Metro to the Feds: Okay, already!
HAVING TAKEN control of safety oversight of Metro’s rail operations — the first such takeover in the history of a U.S. public transit agency — federal transportation officials have now taken to hectoring and scolding their new charge, with mounting frustration. Metro, along with its controlling jurisdictions, reacts like a teenager being told to pick up her room, vacillating between ignoring instructions, pleading for more time and shouting the equivalent of “Okay, already!”
If only the stakes were so small.
The task in this case is not a room that needs tidying, but the establishment of an oversight body to ensure safety on a subway system that handles 700,000 passengers on weekdays. Incredibly, having failed to provide such a mechanism to do the job effectively, Metro — meaning Virginia, Maryland and the District, which run the show — now seems in no particular hurry to do so.

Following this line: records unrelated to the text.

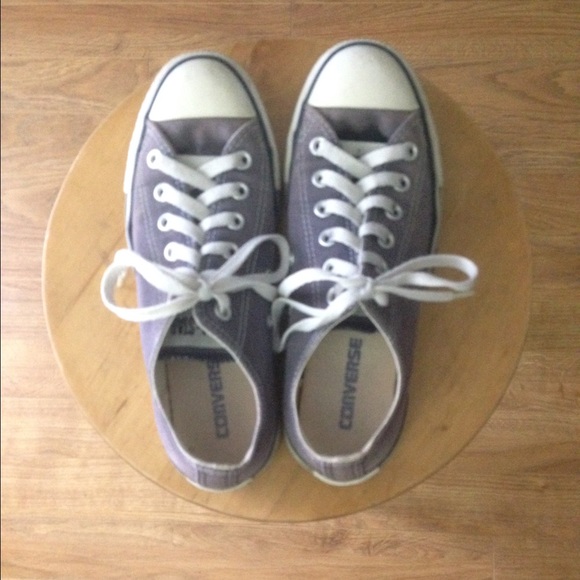 Used navy blue converse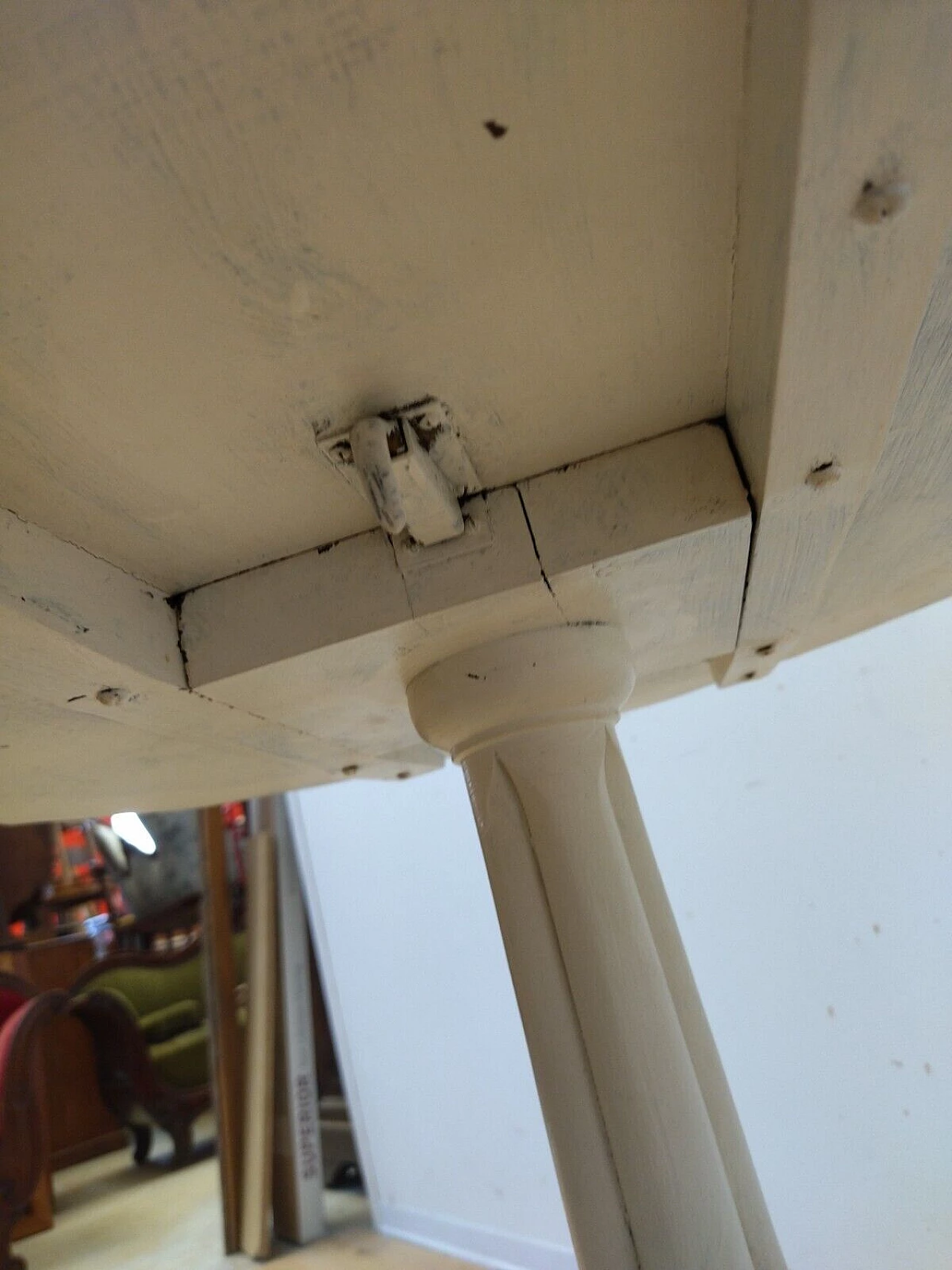 Tavolino stile Barocchetto in legno bianco, inizio '900 17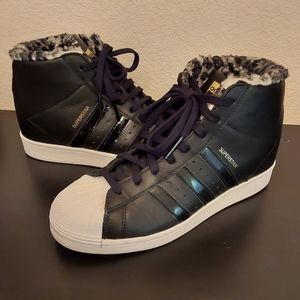 🌺 NEAR NEW Adidas Superstar Sherpa Lined High Top Sneakers/Boots
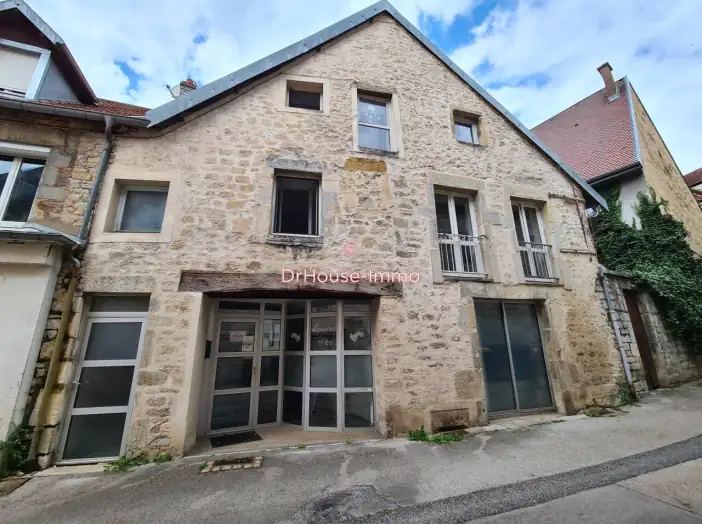 Maison 9 pièces de 167 m² - Baume-les-Dames (25110)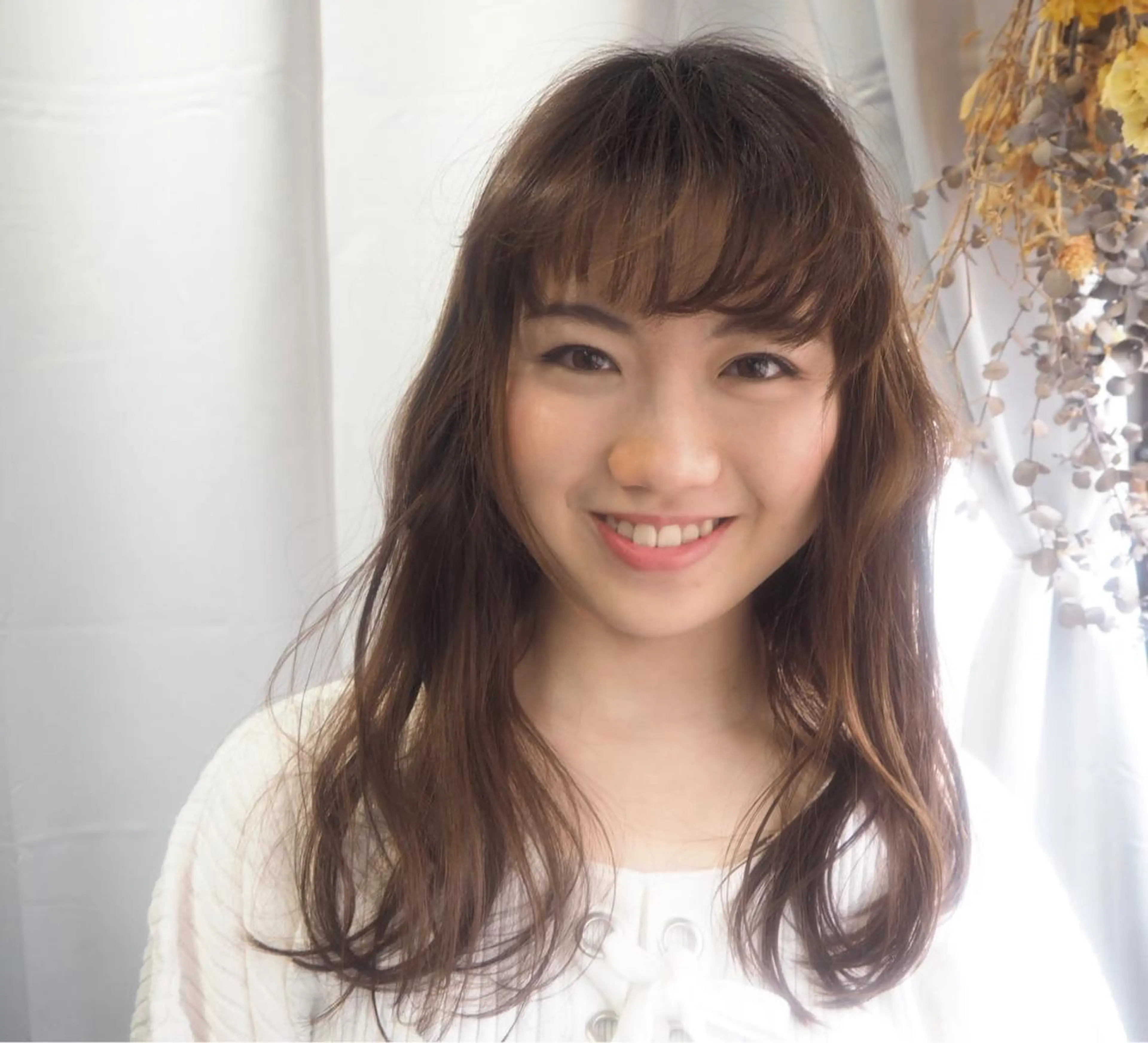 セミロング カット ヘアカラー トリートメント 高橋 悠介のヘアスタイル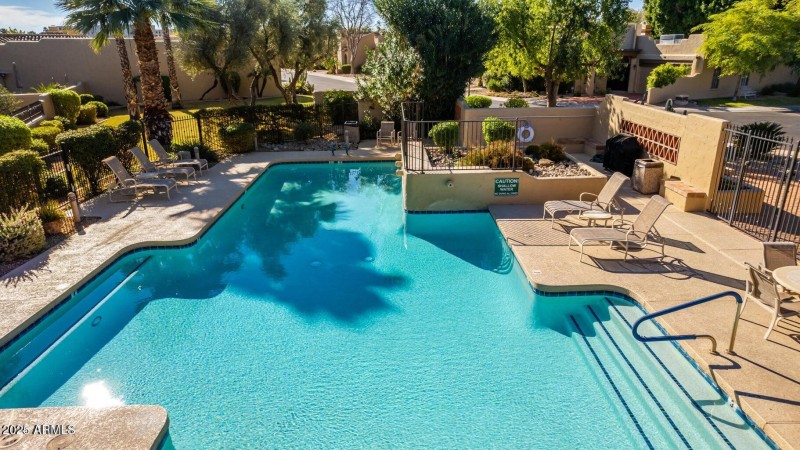 chaparral pool closer up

In the meantime, the subway system continues to fall apart. Daily breakdowns and delays are routine. Trains run red-light signals and come face-to-face with other trains. A years-long effort to have contractors provide dependable wireless coverage in train tunnels fails, prompting Metro to reach into its own pocket. Deadlines slip by on action plans to fix failing rail safety systems, triggering hair-pulling by federal regulators. And for the first time in at least 20 years, a passenger is shot in the subway system, in the course of a robbery last Tuesday.
Unsurprisingly, perhaps, ridership is declining, defying projections and upsetting revenue forecasts. Would-be passengers, their options increasing thanks to bike lanes, telecommuting, ride-sharing services and other factors, are searching for ways to avoid riding Metro if at all possible.
The most galling of the recent lapses is the lack of urgency displayed by Metro’s three controlling jurisdictions, which have been on notice for years that they need to establish a more muscular safety oversight commission. Finally, acting on an urgent recommendation by the National Transportation Safety Board, the Federal Department of Transportation stepped in late last year and took control of the oversight function at Metro itself. At the same time, federal officials issued clear instructions to officials in the District, Virginia and Maryland thatthe new arrangement — whereby the Federal Transit Administration assumed the responsibility — was temporary.
But rather than taking the Feds’ takeover as a wake-up call, local officials hit the snooze button. Instead of moving quickly to formulate legislation to create Metro’s oversight commission, they let it be known that it was really awfully complicated and would try to get to it in 2017 — maybe.
Now Transportation Secretary Anthony Foxx, who’s clearly had enough of Metro’s shenanigans, is threatening to withhold more than $7 million in regional transportation subsidies unless the three jurisdictions get on the stick. And who can blame him? It’s fair to wonder if even that stick will be adequate to shake state and local officials’ habitual complacency about Metro’s steady deterioration.